Huellas de vida es un claro ejemplo de realismo social muy en boga en la época. El ejemplar que encontró en el Jueves tiene una dedicatoria a mano para José Díaz “con gran afecto y deseándole la mayor felicidad en su próximo casamiento”. Junto a la firma, la fecha del 12 de julio de 1956. El panadero de la Macarena que fue secretario general del Partido Comunista murió en Tiflis en 1942. Sería otro Pepe Díaz. Además, el libro se lo dedica su autor a José Antonio Girón, ministro de Trabajo, “por creerle verídico. Con el ferviente deseo de que estudie sobre el terreno los problemas del campesino andaluz”. Problemática a la que Ramón J. Sender dedicó una de sus obras más conocidas. En su novela, Martínez Romero denuncia ese canal que separa Nervión, el barrio de los poderosos, del de los parias. Dedica encendidos elogios a la obra de Aníbal González, pero critica que en el entorno de esta nueva metrópoli se acumulen Villalatas o barrios nuevos como los Estados Unidos de Amate.

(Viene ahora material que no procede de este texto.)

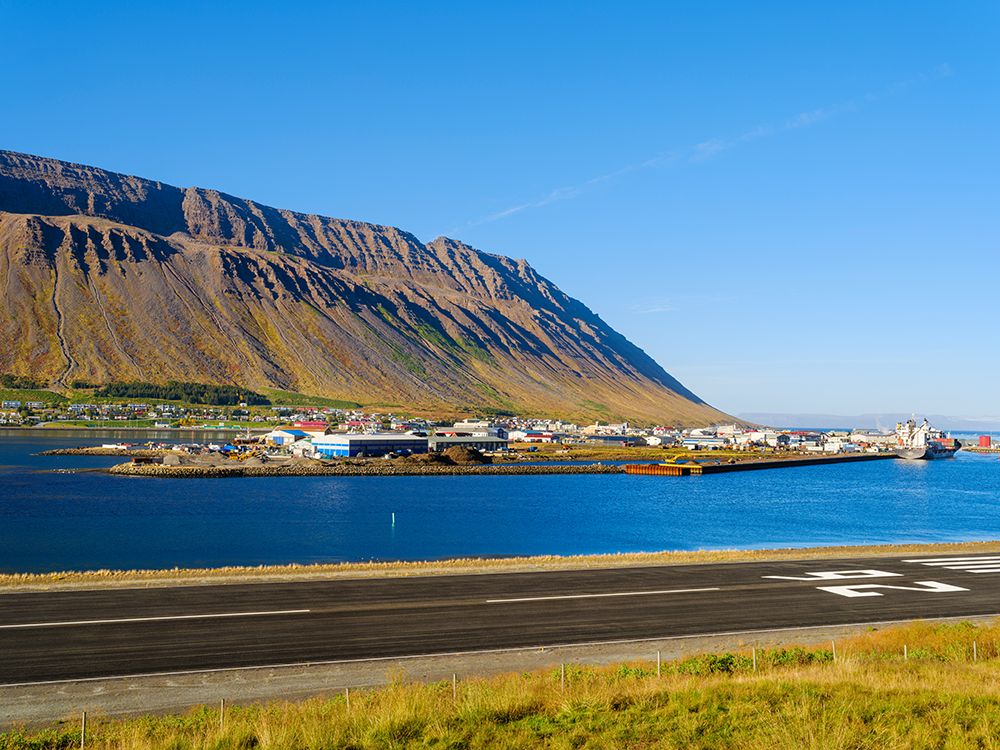Iceland, airport of Isafjordur, the capital of the Westfjords during autumn. art print by Martin Zwick for $57.95 CAD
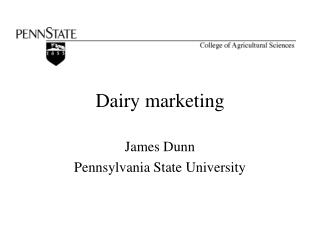 Dairy marketing
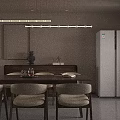 Cozy Neutral Tone Living And Dining Room Interior With Elegant Wooden Furniture And Soft Lights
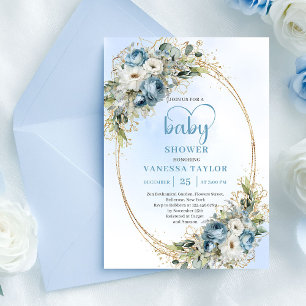 Invitación Chorreo Boho Azul Floral Eucalipto Baby Shower  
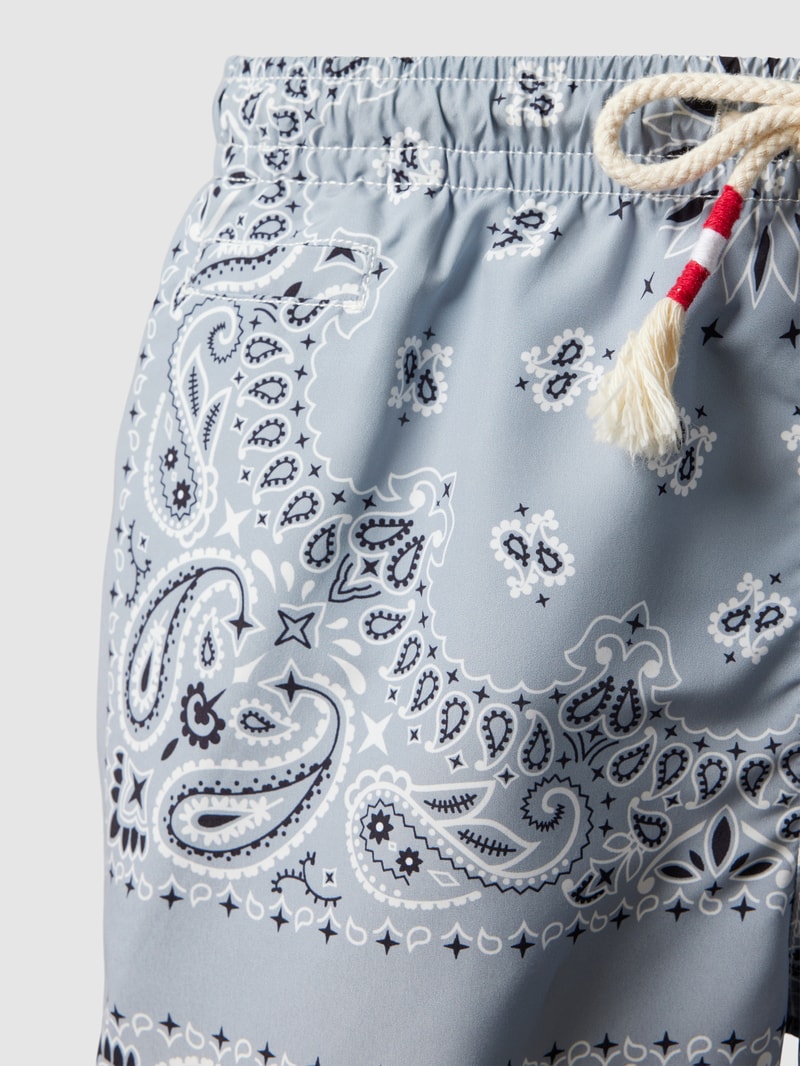 Badehose mit Allover-Print Modell 'CAPRESE' in hellgrau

Igual que él y sus hermanos llegaron desde Montellano, en la novela aparece un zapatero de Carmona que se vino a Sevilla en busca de porvenir. Una de sus hijas se colocó en el estand de naipes del Pabellón de Industrias Vascas y otra en el pabellón de la Cerveza, precursor del actual pabellón de la Cruzcampo. La novela termina con los dos amigos, Juan y Dionisio, que se bajan del tranvía en la Magdalena y van caminando hasta la Alameda, el barrio donde su sobrino y su sobrino-nieto reconstruyen el escaparate de Marcelo Culasso. Alfonso Martínez Valle, nacido en los callejones de la Macarena, se ha liberado de influencias. “Ya no me fijo en nadie, ni siquiera en Dalí o Picasso. Estoy descubriendo mujeres que pintan muy bien, como Remedios Varo o Leonora Carrington”. En lo que no ha cambiado es en ese anhelo de Gauguin de irse lejos para pintar. 

El librero del Jueves les dijo que debe haber algún otro libro de Antonio Martínez Romero. Los editores de su novela destacaban su libro de poesía Alientos de Tartessos o los artículos en Rumbos y otras publicaciones. El contable que enseñaba inglés y tocaba el violín. No han encontrado ninguna biografía del escritor. Su hermano, el abuelo del pintor, era un lector empedernido. “Cuando iba a ver a mi abuelo, siempre estaba leyendo”, dice su nieto. “Perdió la vista y leía con una lupa que tengo en mi casa”, apostilla su hijo, el empleado de Cuervas y vecino de Lopera.